In reality, only small portions of the document are placed into the context window at any given time. Other parts may be stored in systems like vector databases, and pieces are retrieved when they appear relevant to your prompt. From the user’s perspective, it can look like the model is analysing the entire document, but it is often operating on selected fragments.
OpenAI offers a rare glimpse into how this works. In its documentation for ChatGPT Enterprise, it explains that if a single document exceeds 110k tokens, only the first 110k are included in the context window. If multiple documents are uploaded and their combined total exceeds that limit, tokens are divided among them using a proportional allocation strategy. Anything left over is sent to a search index and retrieved only when it appears relevant to your prompt.

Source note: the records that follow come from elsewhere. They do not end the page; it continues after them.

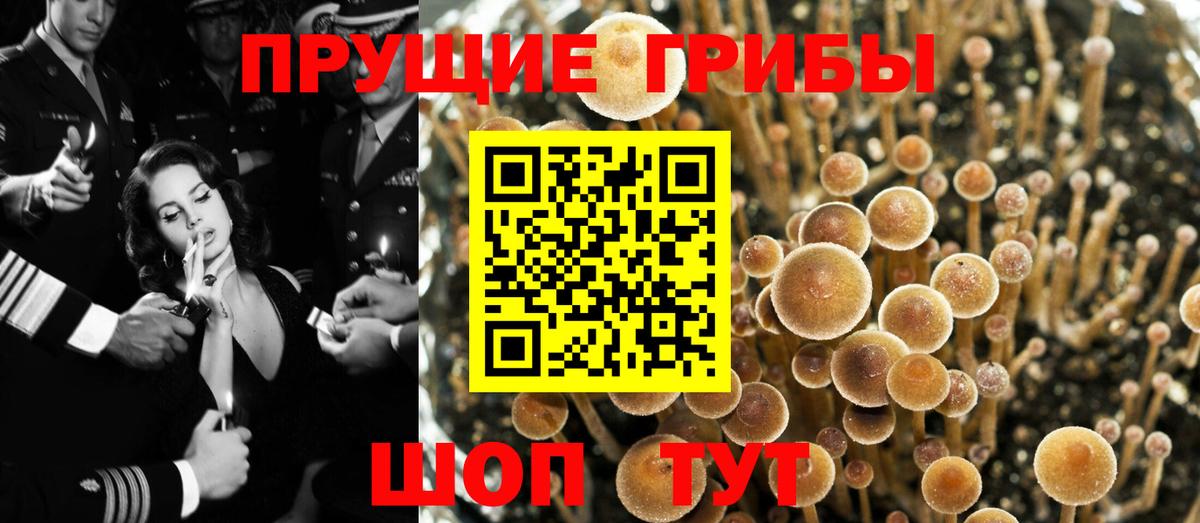 сколько стоит  Псилоцибиновые грибы Cubensis  Вход с VPN  Чехов 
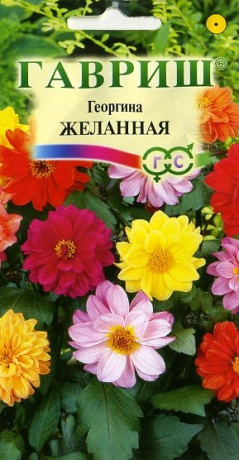 Георгина Желанная (гавриш) 0,3гр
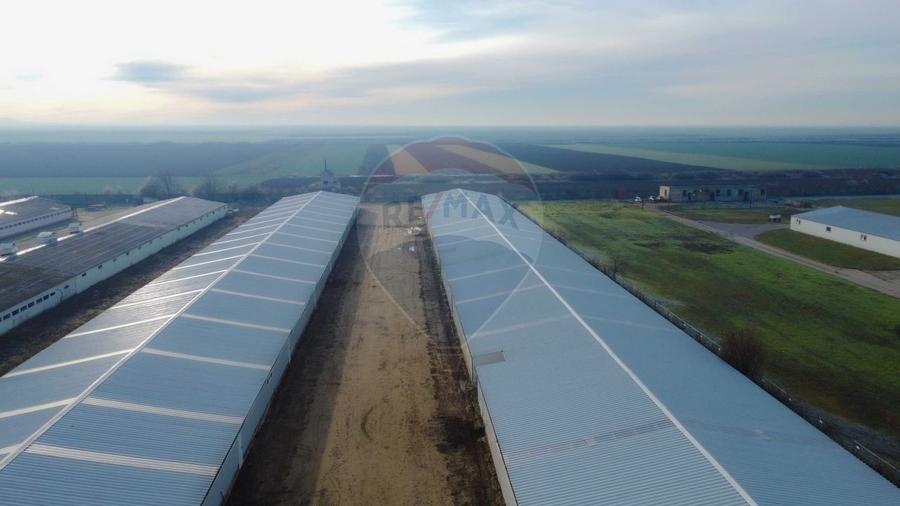 Spațiu industrial, de 5,050 mp, în Palota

Put all of this together on a real subscription tier and the maths gets uncomfortable. Hidden instructions, memory, a document, and a couple of exchanges can fill a 32k context window (such as ChatGPT’s Go and Plus tier) before the conversation really starts. Once that happens, compaction kicks in, and the data the model is operating on is no longer what you originally provided.
Reasoning tokens
Another complication comes from reasoning tokens. Some models generate internal reasoning steps while producing an answer. These intermediate tokens can temporarily consume space in the context window as the model works through a problem. OpenAI notes that depending on the problem’s complexity, models may generate anywhere from a few hundred to tens of thousands of reasoning tokens, and that it is important to ensure there is enough space in the context window to accommodate them.
Exactly how providers manage these tokens, especially as they approach the limits of the context window, is not well documented. For example, if reasoning tokens temporarily consume space while you are reaching the limit of the context window, does a compaction operation occur? I do not know.
So where does that leave us?
Four years after the rapid global adoption of these systems, there is still very limited transparency from providers about how they operate under the hood. This is surprising, because many of these companies publicly advocate for responsible AI use.
Yet to this day, there is still no clear user manual explaining how these systems manage context, memory, or internal reasoning. And when you ask support teams for clarification, the answer is often the same:
Sorry, we cannot share that information because it is proprietary.
Which raises an important question. If society is expected to use these systems responsibly, shouldn’t we also be given a clearer understanding of how they actually work?